Friday, December 23, 2011

Why Manufacturing is Necessary for Technical Innovation

For many people in industry, the connections between innovation and manufacturing are a given—and a reason to worry. "We have learned that without a foothold in manufacturing, the ability to innovate is significantly compromised," says GE's Idelchik. The problem with outsourcing production is not just that you eventually lose your engineering expertise but that "businesses become dependent on someone else's innovation for next-generation products." One repercussion, he says, is that researchers and engineers lose their understanding of the manufacturing process and what it can do: "You can design anything you want, but if no one can manufacture it, who cares?"
A specific example:
It turns out it's not necessarily true that innovative technologies will simply be manufactured elsewhere if it doesn't happen in the United States.
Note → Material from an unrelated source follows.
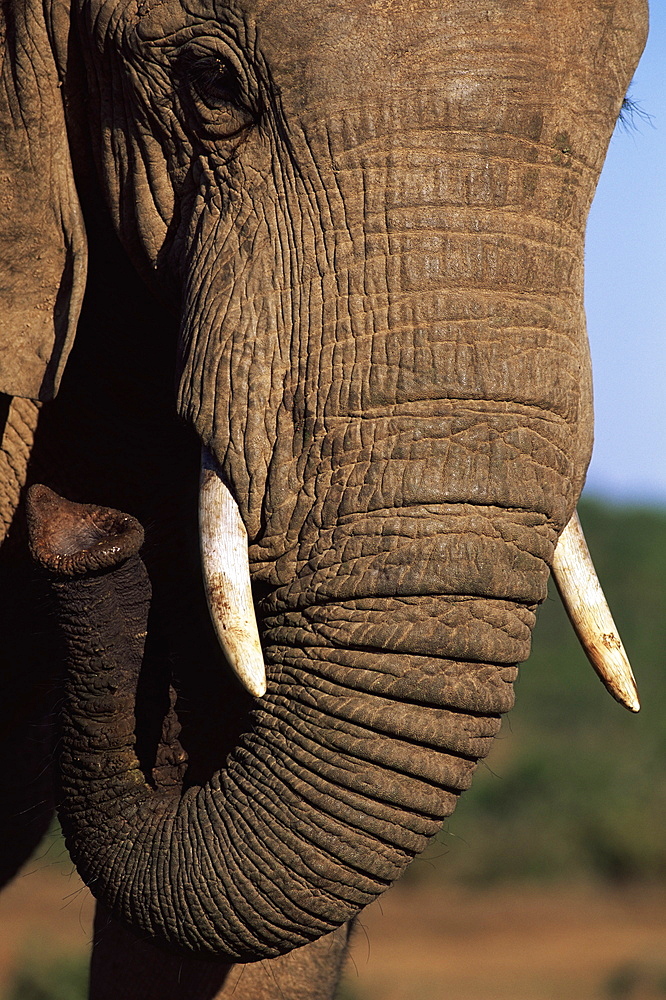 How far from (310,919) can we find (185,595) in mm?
786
According to research by Erica Fuchs, an assistant professor at Carnegie Mellon University, the development of integrated photonics, in which lasers and modulators are squeezed onto a single chip, has been largely abandoned by optoelectronic manufacturers as they have moved production away from the United States. Many telecom firms were forced to seek lower-cost production in East Asia after the industry's collapse in the early 2000s, and differences in manufacturing practices meant that producing integrated photonic chips was not economically viable in those countries. Thus a technology that once appeared to be just a few years away from revolutionizing computers and even biosensors was forsaken. Economists might argue that we don't care where something is produced, says Fuchs, but location can profoundly affect "the products that you choose to make and the technology trajectory itself."